The First Responder Spotlight Series features law enforcement, firefighters, EMS, and other emergency personnel who make it their business to serve our communities, often in ways we never see, each and every day.
The series is sponsored by McKeithen’s True Value Hardware in Statesboro.
Spencer Rowe comes from a long line of first responders. His great-grandfather, grandfather, and dad all served their communities as firefighters – each in southwest Georgia. His great-grandfather on his mother’s side rose to the ranks of Chief in the City of Albany, but Rowe wasn’t always on track to go into fire service himself.
After dabbling in a few other areas, including marketing and auto tech, Rowe said he found himself interested in the shift work where he isn’t behind a desk doing the same thing every day. But despite his deep family roots in the ‘industry’ so to speak, when it came time to begin his own fire service career, Rowe decided to venture into another area of the state to climb the ladder.
That was eight years ago and Rowe has called the City of Statesboro his work home ever since. He’s risen to the rank of Fire Apparatus Operator, an additional step up from a Driver which also includes some supervisory responsibilities. While he’s moved back and forth between stations, he’s managed to work on the same shift for the duration of his career which has offered a sense of routine, planning, and advantages for personal life. Rowe lives in Bulloch County with his wife, Caitlin, whom he married in November 2020. She is a Statesboro native and a dental hygienist in town.
Having grown up in and around fire departments, Rowe says he feels blessed to work for the City of Statesboro. He says SFD is unique in that the superiors are looking out for the ones that work for them. “I know my Lieutenant and my Captain have everybody, our best interests at heart. The Battalion Chief, too. They try to do what’s best for the guys.” Work for a small department also leaves room for opportunity. Rowe said there’s a versatility in their roles and room to rise in ranks, if desired.
One of those that he’s really looked up to over his time with SFD is Battalion Chief Derrel Melton. Rowe added that it would be hard to attribute his own personal growth and success to just one person in the agency since he has been there since the start. He named Captain Strosnider, Lieutenant Applebee, and Captain Whitehead, who now works at GPSTC, as heavy influencers. “When I got here, it was what I wanted to do, but I didn’t understand the physicality of it and the mental toughness required and they have just continually pushed me,” Rowe said.

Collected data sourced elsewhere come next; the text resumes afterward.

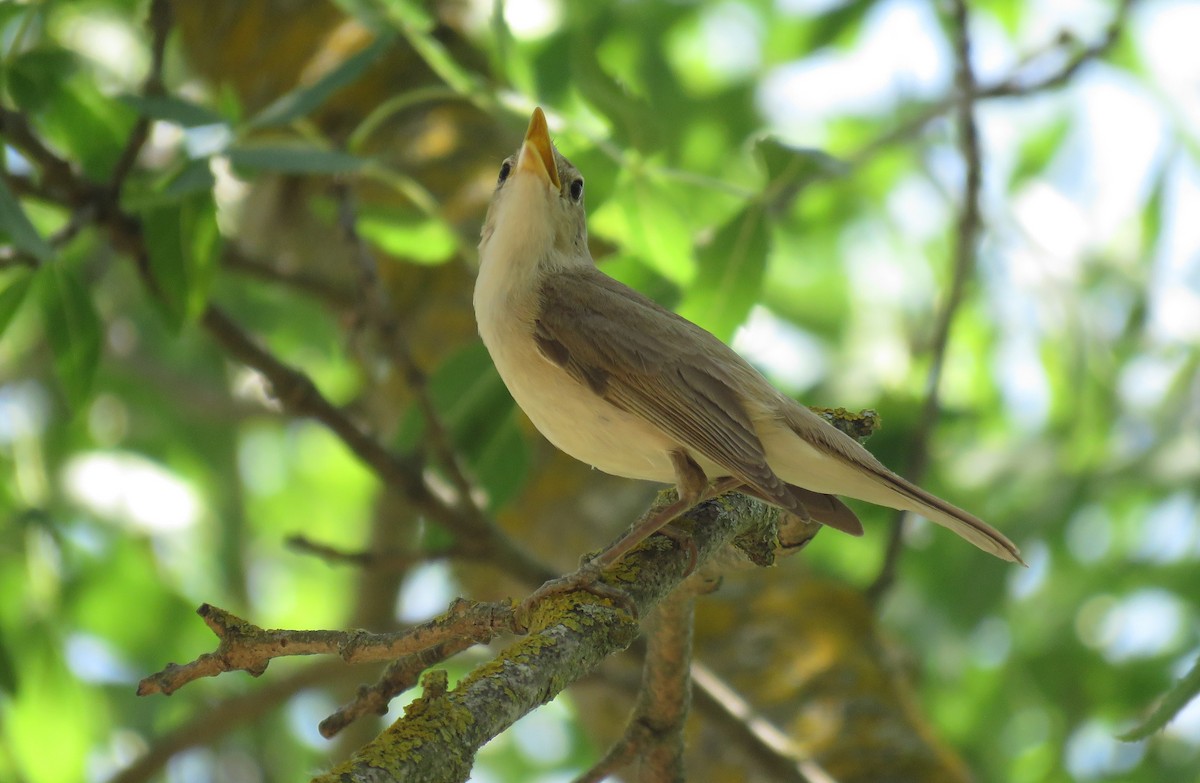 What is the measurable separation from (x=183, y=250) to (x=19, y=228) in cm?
95

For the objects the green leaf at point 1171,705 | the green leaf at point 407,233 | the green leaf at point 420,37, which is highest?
the green leaf at point 407,233

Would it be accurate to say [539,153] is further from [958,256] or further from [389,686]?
[389,686]

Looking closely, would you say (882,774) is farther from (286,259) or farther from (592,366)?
(286,259)

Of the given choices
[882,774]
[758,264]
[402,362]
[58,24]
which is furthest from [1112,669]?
[58,24]

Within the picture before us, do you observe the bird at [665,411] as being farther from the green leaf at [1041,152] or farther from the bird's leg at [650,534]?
the green leaf at [1041,152]

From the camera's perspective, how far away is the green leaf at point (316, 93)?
376cm

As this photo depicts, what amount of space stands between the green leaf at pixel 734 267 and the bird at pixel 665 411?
107 mm

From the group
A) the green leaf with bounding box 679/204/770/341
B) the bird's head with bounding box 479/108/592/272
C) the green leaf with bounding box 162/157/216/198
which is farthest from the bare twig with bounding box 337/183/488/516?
the green leaf with bounding box 679/204/770/341

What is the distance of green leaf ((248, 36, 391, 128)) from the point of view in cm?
376

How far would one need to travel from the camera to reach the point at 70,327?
3846mm

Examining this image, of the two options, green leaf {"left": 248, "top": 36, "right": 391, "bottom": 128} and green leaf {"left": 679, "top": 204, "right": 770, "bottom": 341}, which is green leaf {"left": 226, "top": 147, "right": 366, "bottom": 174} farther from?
green leaf {"left": 679, "top": 204, "right": 770, "bottom": 341}

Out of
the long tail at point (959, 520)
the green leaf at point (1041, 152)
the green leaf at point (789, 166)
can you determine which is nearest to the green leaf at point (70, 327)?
the green leaf at point (789, 166)

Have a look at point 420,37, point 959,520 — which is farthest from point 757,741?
point 420,37

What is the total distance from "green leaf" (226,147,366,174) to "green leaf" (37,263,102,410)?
68cm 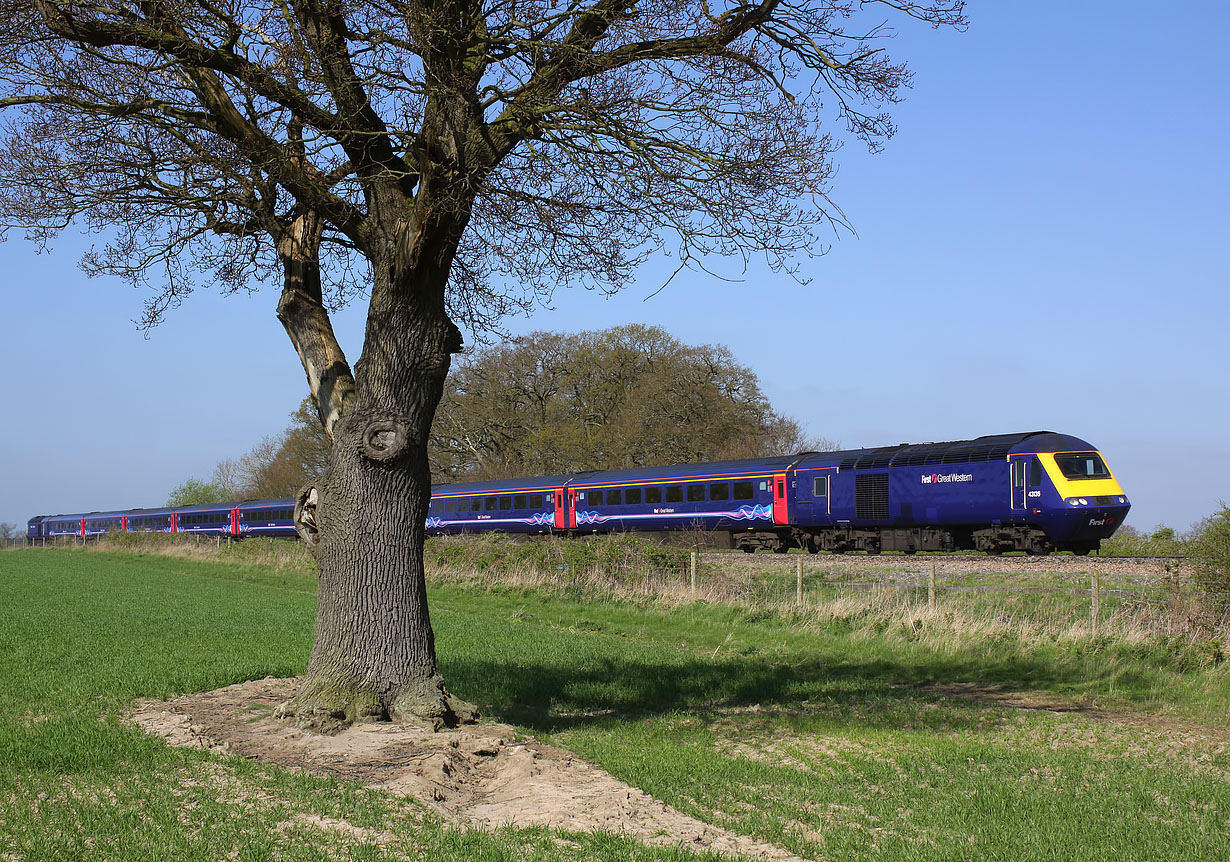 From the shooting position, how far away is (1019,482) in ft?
83.9

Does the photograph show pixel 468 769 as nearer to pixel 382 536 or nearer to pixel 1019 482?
pixel 382 536

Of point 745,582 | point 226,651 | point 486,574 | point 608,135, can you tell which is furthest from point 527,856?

He loves the community, too. When asked about an incident that left a mark on him, Rowe referred to an incident roughly two years ago that involved a missing child.

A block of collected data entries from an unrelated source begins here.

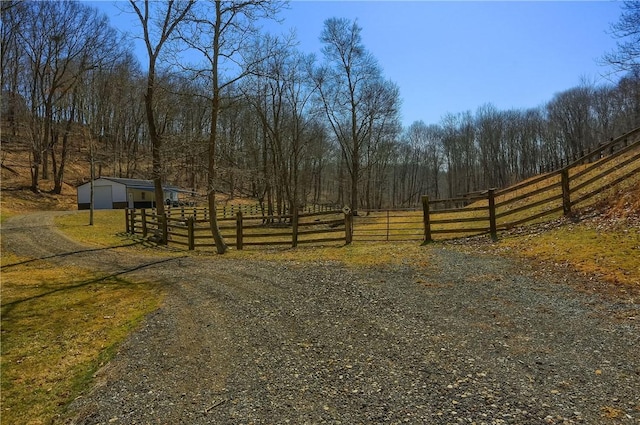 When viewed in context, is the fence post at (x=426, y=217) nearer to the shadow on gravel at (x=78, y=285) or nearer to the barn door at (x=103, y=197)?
the shadow on gravel at (x=78, y=285)

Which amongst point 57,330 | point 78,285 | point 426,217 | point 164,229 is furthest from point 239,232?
point 57,330

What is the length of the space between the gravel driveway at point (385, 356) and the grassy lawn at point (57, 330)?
1.37 ft

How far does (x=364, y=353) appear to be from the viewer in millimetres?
4766

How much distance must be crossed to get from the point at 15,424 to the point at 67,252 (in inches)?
496

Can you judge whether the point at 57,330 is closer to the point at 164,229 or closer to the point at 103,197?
the point at 164,229

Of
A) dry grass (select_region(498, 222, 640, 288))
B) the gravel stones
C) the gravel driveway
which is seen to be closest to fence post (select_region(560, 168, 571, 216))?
dry grass (select_region(498, 222, 640, 288))

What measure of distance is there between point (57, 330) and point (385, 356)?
234 inches

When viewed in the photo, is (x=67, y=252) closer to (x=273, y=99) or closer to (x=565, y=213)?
(x=565, y=213)

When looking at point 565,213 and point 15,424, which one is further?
point 565,213

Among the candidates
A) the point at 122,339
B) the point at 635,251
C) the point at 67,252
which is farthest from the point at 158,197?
the point at 635,251

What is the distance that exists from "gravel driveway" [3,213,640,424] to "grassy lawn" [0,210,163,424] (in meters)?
0.42

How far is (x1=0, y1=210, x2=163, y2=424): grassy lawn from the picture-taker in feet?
15.7

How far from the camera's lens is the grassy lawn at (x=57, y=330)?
15.7 ft

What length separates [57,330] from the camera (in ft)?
22.5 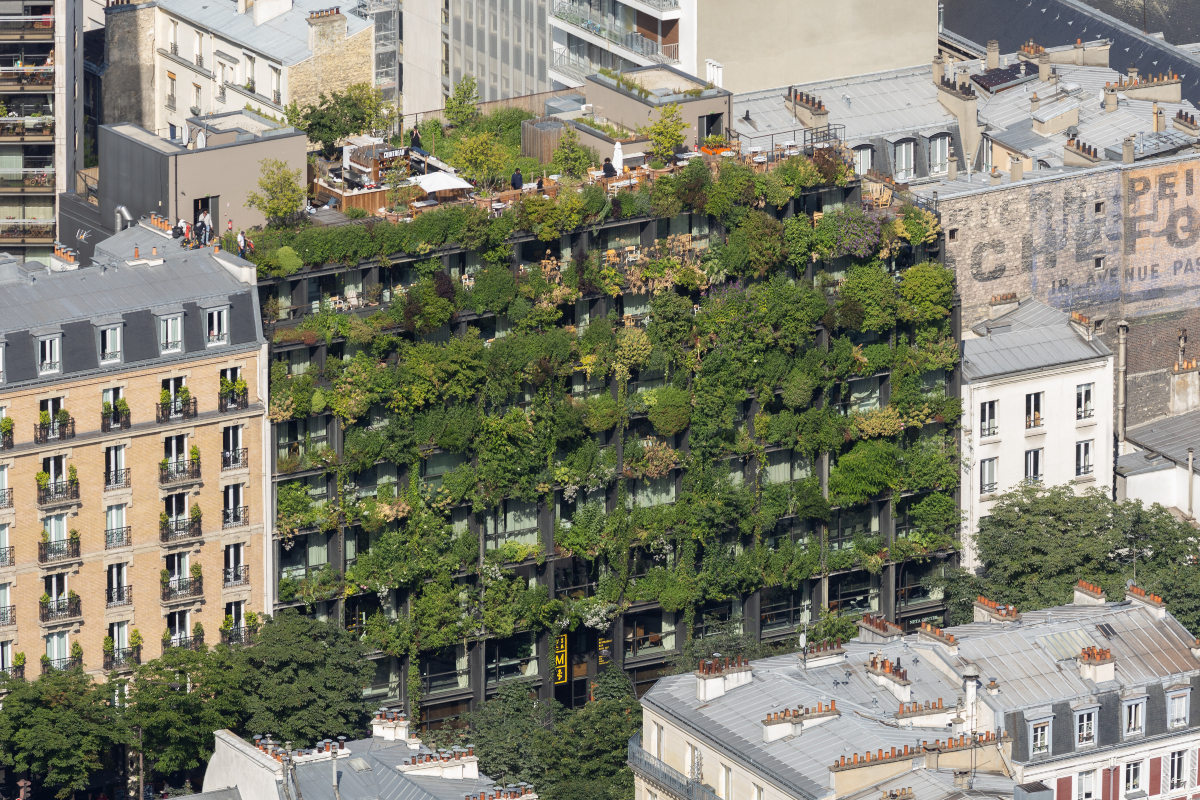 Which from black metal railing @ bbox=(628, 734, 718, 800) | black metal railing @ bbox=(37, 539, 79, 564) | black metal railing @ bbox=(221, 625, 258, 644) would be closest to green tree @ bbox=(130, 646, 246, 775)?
black metal railing @ bbox=(221, 625, 258, 644)

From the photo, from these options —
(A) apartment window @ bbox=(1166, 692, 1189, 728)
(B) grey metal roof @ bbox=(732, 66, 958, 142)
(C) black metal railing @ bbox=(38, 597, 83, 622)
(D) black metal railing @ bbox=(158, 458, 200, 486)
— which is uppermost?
(B) grey metal roof @ bbox=(732, 66, 958, 142)

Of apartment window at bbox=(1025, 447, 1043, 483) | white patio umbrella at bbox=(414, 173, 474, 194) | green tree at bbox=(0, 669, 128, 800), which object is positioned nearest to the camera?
green tree at bbox=(0, 669, 128, 800)

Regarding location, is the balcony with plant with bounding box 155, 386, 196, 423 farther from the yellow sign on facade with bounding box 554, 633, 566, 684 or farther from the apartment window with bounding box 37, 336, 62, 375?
the yellow sign on facade with bounding box 554, 633, 566, 684

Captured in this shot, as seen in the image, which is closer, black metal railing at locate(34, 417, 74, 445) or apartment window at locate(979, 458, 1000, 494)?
black metal railing at locate(34, 417, 74, 445)

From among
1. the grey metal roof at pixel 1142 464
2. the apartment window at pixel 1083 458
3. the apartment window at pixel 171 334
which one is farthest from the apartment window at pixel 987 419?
the apartment window at pixel 171 334

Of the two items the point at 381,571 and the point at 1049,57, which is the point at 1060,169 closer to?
the point at 1049,57

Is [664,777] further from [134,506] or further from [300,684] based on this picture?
[134,506]

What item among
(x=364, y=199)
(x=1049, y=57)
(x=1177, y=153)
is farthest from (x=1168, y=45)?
(x=364, y=199)

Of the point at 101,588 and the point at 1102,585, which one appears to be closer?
the point at 101,588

“I was driving Lieutenant Barrs for a call to assist PD and other law enforcement for a missing child near Zetterower Ave. Lt. Barrs actually ended up finding the child later that night, but the impact on me was the response from the local community to look for the missing child.

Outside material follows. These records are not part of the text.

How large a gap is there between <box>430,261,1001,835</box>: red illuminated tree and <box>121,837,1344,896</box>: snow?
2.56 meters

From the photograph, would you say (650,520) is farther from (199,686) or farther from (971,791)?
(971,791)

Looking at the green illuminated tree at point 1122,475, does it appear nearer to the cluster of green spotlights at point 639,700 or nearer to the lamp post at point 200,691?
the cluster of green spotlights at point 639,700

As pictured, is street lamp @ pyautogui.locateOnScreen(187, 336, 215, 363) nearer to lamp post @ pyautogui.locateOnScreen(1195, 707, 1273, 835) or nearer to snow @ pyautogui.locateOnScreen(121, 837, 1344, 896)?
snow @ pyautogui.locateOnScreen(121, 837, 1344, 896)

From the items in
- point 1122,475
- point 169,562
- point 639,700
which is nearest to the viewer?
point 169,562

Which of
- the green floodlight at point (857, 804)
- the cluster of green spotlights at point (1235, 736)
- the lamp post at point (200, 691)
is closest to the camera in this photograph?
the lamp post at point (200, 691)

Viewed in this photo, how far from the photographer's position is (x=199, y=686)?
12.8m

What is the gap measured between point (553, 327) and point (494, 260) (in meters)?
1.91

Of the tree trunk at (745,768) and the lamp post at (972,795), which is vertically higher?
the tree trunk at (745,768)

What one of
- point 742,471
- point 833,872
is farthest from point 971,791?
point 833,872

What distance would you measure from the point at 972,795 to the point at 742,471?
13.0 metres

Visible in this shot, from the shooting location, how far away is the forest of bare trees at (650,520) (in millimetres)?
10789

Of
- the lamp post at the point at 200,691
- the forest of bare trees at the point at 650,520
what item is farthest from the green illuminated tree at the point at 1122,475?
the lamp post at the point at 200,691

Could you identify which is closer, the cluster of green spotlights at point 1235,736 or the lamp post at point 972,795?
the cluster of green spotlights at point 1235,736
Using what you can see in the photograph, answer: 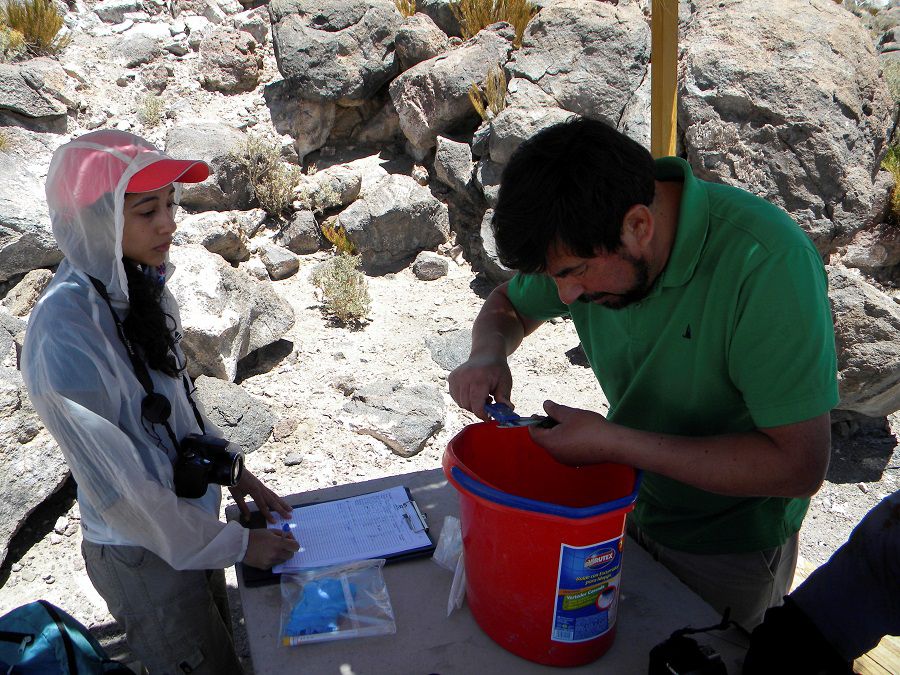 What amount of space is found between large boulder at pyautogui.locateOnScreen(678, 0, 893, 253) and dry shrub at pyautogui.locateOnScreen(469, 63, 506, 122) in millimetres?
1658

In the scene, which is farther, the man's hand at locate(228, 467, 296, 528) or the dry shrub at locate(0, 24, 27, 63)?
the dry shrub at locate(0, 24, 27, 63)

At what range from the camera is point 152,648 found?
1.76m

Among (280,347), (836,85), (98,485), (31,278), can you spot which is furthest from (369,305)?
(98,485)

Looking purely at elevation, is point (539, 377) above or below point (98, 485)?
below

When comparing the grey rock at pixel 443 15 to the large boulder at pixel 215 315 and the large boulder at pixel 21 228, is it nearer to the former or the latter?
the large boulder at pixel 215 315

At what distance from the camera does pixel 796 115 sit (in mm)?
4988

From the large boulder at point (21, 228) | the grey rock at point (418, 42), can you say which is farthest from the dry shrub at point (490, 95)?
the large boulder at point (21, 228)

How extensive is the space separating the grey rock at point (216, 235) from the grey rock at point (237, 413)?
185 centimetres

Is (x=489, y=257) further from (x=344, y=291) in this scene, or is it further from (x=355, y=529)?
(x=355, y=529)

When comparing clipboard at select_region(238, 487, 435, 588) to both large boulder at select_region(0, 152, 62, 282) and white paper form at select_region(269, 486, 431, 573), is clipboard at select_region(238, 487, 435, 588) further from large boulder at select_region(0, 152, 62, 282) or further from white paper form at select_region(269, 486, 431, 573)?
large boulder at select_region(0, 152, 62, 282)

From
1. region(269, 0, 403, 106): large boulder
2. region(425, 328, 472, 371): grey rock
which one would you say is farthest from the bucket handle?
region(269, 0, 403, 106): large boulder

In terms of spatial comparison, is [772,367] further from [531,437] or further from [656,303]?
[531,437]

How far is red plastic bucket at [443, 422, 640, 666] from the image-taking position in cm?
114

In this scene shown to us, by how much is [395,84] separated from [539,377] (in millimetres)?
3654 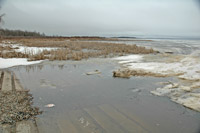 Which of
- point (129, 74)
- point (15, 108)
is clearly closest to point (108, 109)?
point (15, 108)

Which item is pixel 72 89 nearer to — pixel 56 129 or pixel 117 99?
pixel 117 99

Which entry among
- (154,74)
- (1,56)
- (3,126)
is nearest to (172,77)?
(154,74)

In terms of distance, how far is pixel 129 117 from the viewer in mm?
4352

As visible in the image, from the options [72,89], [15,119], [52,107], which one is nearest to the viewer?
[15,119]

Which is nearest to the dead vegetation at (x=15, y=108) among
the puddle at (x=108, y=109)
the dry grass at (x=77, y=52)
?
the puddle at (x=108, y=109)

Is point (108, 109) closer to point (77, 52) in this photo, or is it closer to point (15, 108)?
point (15, 108)

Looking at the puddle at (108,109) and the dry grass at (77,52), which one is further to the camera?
the dry grass at (77,52)

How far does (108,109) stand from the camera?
189 inches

Seeing all of the agencies that were out looking, cooperating, and helping in the search as well as the citizens in the area helping was a pretty humbling experience for me. Obviously it was a traumatic experience for the parents and the child – when we respond to a call, it is the worst day for someone there and we have the opportunity to help solve their problem or make their day a little better.
The call for the missing child really showed me how much this community cares about its citizens and how they will pull together to help out when someone is in need.”
If someone was considering becoming a firefighter, Rowe says he would encourage them to embody a certain level of open-mindedness since firefighting and administrations can and do continue to evolve over time. Also needed? A sense of humor and thick skin. “It’s called a brotherhood for a reason,” he said. “Working with these guys, you have to be tough and know that all of it out of love and respect.”